Beat eggs with sour cream, sugar, and vanilla. Stir in melted chocolate mixture. Slowly beat half at a time into flour only until smooth. Batter will be thin.
Pour into prepared pans and bake until done (about 35 to 40 minutes) and center will spring back. 
Frost cake with the Seven Minute Frosting, and then drizzle with Chocolate Drizzle.
Seven Minute Frosting
2 egg whites
3/4 cup sugar
1/4 tsp. cream of tartar
1/3 cup white Karo syrup
2 Tbsp. water
1/8 tsp. salt
1 tsp. vanilla
Place egg whites, sugar, cream of tartar, Karo syrup, water and salt in the top of a double boiler and beat well. Place over heat and beat with electric hand mixer for about 7 minutes until it holds in peaks. Remove boiler from double boiler and add vanilla. Beat icing for several more minutes.
Chocolate Drizzle
Melt together 1 Tbsp. butter and one square of chocolate and drizzle over top. Let it run down the sides.

Sticky Buns
1/4 cup sugar
1 tsp. cinnamon
3 Tbsp. butter
2 Tbsp. honey
2 Tbsp. water
1/4 cup chopped nuts
8 oz. can crescent rolls
2 Tbsp. butter, softened
1/4 cup sugar
1/2 tsp. cinnamon
1/4 cup raisins
Preheat oven to 375 degrees.
In a small saucepan, heat first 5 ingredients, stirring until smooth. Stir in nuts.

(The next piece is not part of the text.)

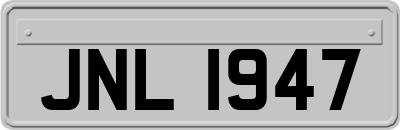 JNL1947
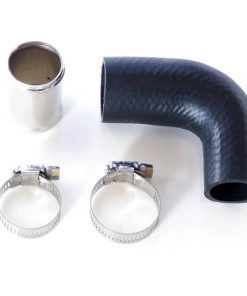 HKS 08 Mitsubishi Lancer EVO GSR/EVO MR SSQV Recirculation Kit for hks71007-AM015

Spoon 1 Tbsp. honey mixture into each of 12 ungreased muffin cups.
Separate crescent dough into 4 rectangles. Spread each rectangle with 1/2 Tbsp. butter.
Combine cinnamon and sugar and sprinkle over butter. Dot with raisins.

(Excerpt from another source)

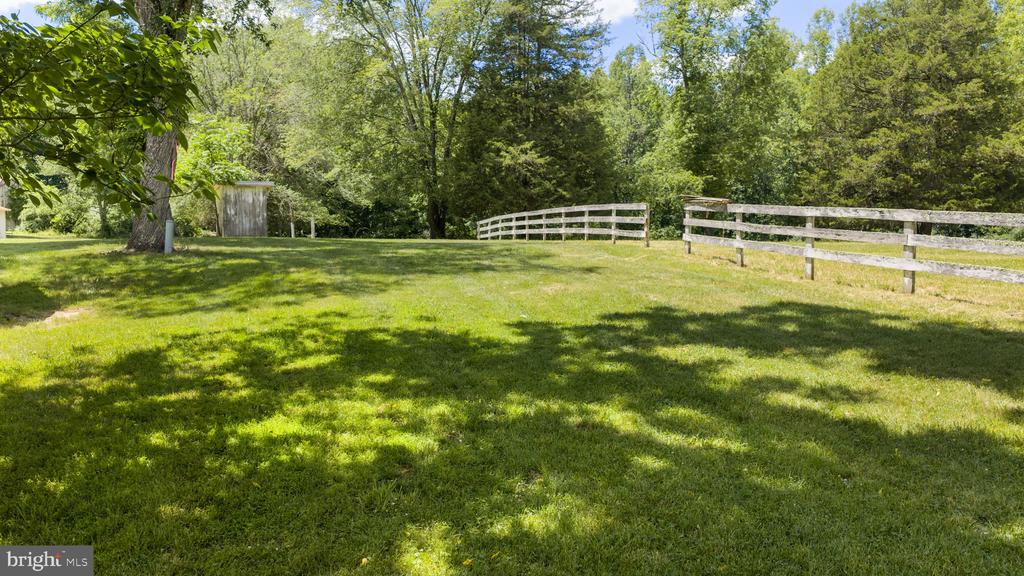 9083 CAYNOR PL, CULPEPER, Virginia 22701, 3 Bedrooms Bedrooms, ,2 BathroomsBathrooms,Residential,9083 CAYNOR PL,VACU2014048 MLS # VACU2014048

Starting with shorter side, roll up tightly. Cut each roll into 3 slices.
Flatten slightly, press lightly into the muffin cups.

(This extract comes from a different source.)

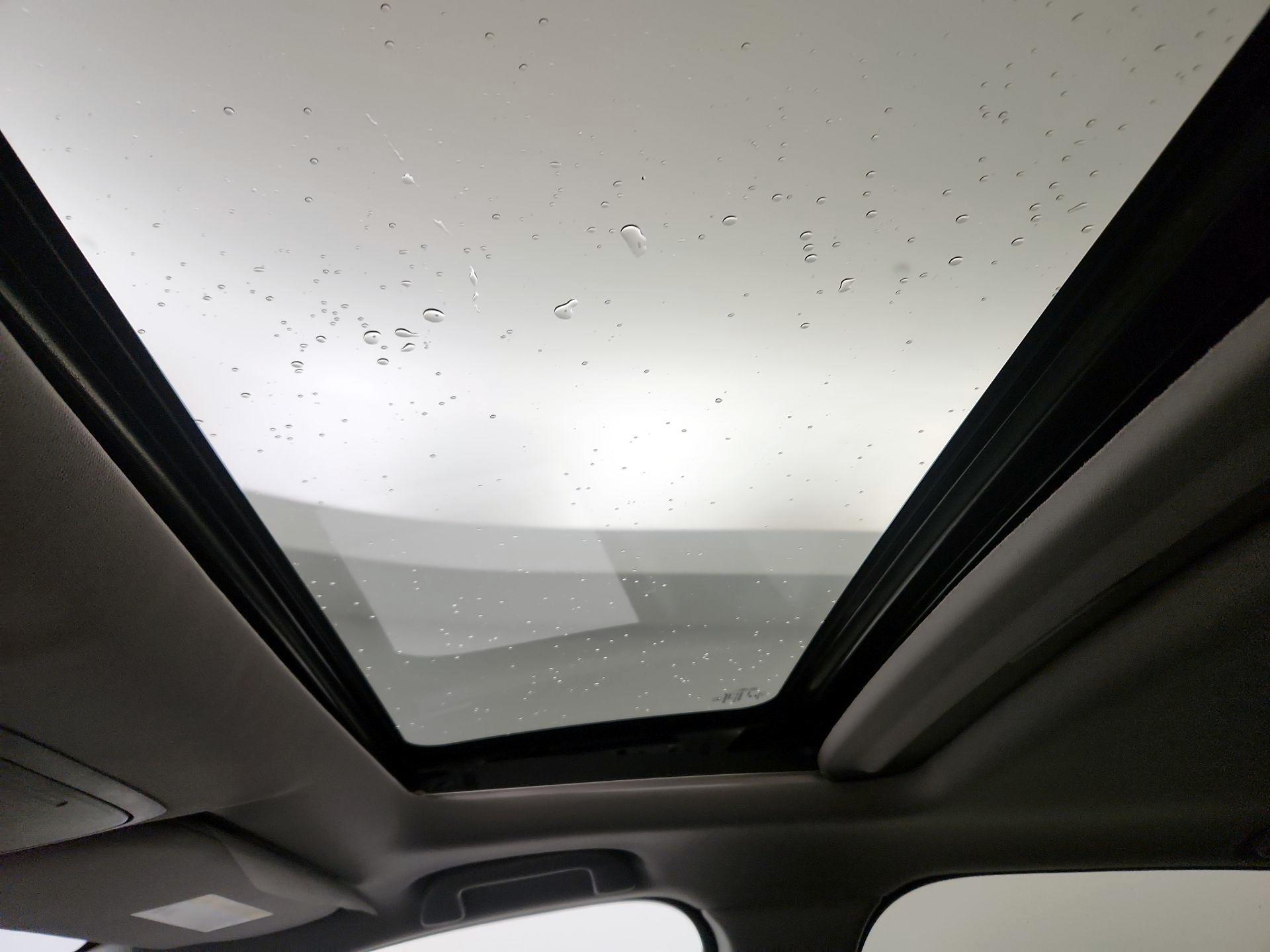 Thumbnail: 2020 Honda CR-V - 19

Bake 15 minutes, or until golden brown.
Cool in pan 1 minute, pour onto wax paper.

Katie Street’s Pecan Sandies
1 cup butter
1/3 cup sugar
2 tsp. water
2 tsp. vanilla
2 cups sifted all-purpose flour
1 cup chopped pecans
Cream butter and sugar. Add water and vanilla, mix well. Add flour and pecans. Chill 3 or 4 hours. Shape in balls or fingers.
Bake at 325 degrees on ungreased cookie sheet, about 17 minutes. Cool slightly and roll in confectioner’s sugar.

Nonna’s New Orleans Pralines
1 1/2 cups sugar
3/4 cup light brown sugar
1/2 cup evaporated milk
6 Tbsp. butter
1 1/2 cups pecans
Bring mixture to a simmer, then add 1 1/2 cups pecans and continue to cook mixture to 238 degrees (soft ball stage). Remove from heat and wait about 3 minutes, then add 1 tsp. vanilla and begin to stir – but don’t over stir or pralines will be too hard.
Quickly drop to desired size. Wrap each praline in plastic wrap to keep fresh.